It is one of the most difficult operations in the world, as military
history abundantly shows, to completely disarm a hostile population
as skillful in the arts of concealment and deception as is the Latin
Race. ... In dealing with such people, Mr. President, it is not a
question of military strength and fighting quality. The heart breaking
feature of it all is that you organize an army and it goes forth with
military ardor, with all the pomp and panoply of war, enthusiastically
to meet and conquer the enemy, only to discover it can find nothing to
fight.


Instead, Bell continued, the guerrillas and terrorists hid among
the sympathetic people who provided arms, food, recruits,
and information, and a pacification program became essential.
If the President was considering supporting Estrada Palma,
Bell wrote, the Army should immediately send officers to
Cuba to collect military intelligence: the insurgents' names,
arms, suppliers, residence, and occupation. A widespread net­
work of spies would have to get the names of "every individual
secretly connected with their supply, information and com­
munication service" if the rebellion was to be broken.

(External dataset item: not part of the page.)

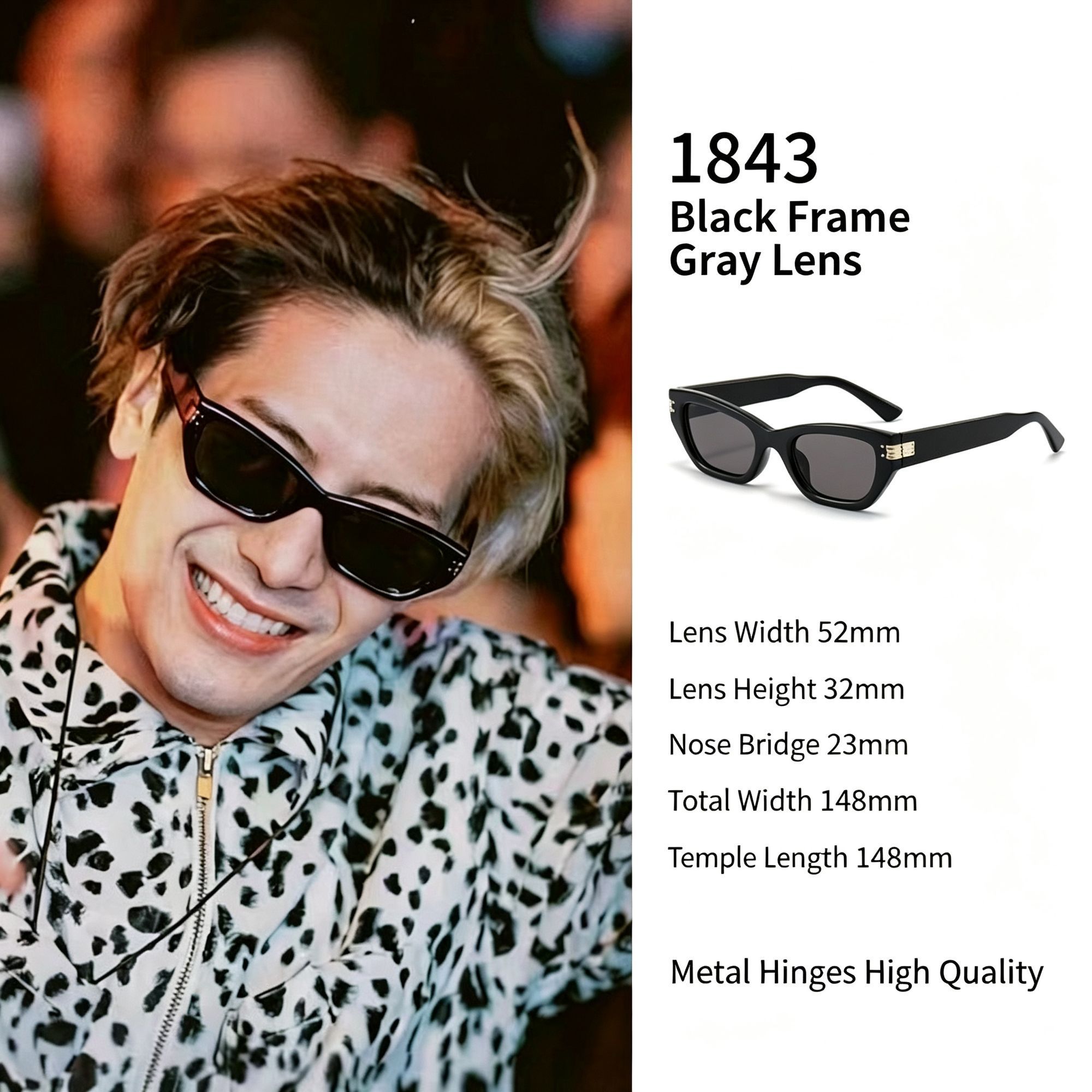 Sleek Glossy Black Frame Grey Lens Cat Eye Sunglasses UV400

Though Bell's experience with insurgents was limited to
the Philippines, his analysis of the Cuban rebels' potential
for guerrilla warfare coincided with Brigadier General Fred­
erick Funston's views. On August 28, Funston wrote Bell to
give the Chief of Staff the essence of his two years of experi­
ence in the Army of Liberation.^25 In 1898, Funston said, the
United States Army had an erroneous impression of the
Cuban insurgents because it saw the worst troops in the
Army of Liberation. The Cuban insurgents were formidable
guerrillas because of their mobility, scouting skills, and in­
telligence services. Although they were not good marksmen,
they were experts in the ambush and were never ambushed
themselves. Their cavalry was excellent. Funston believed that
the Cubans had never lost the military initiative in 1895-98.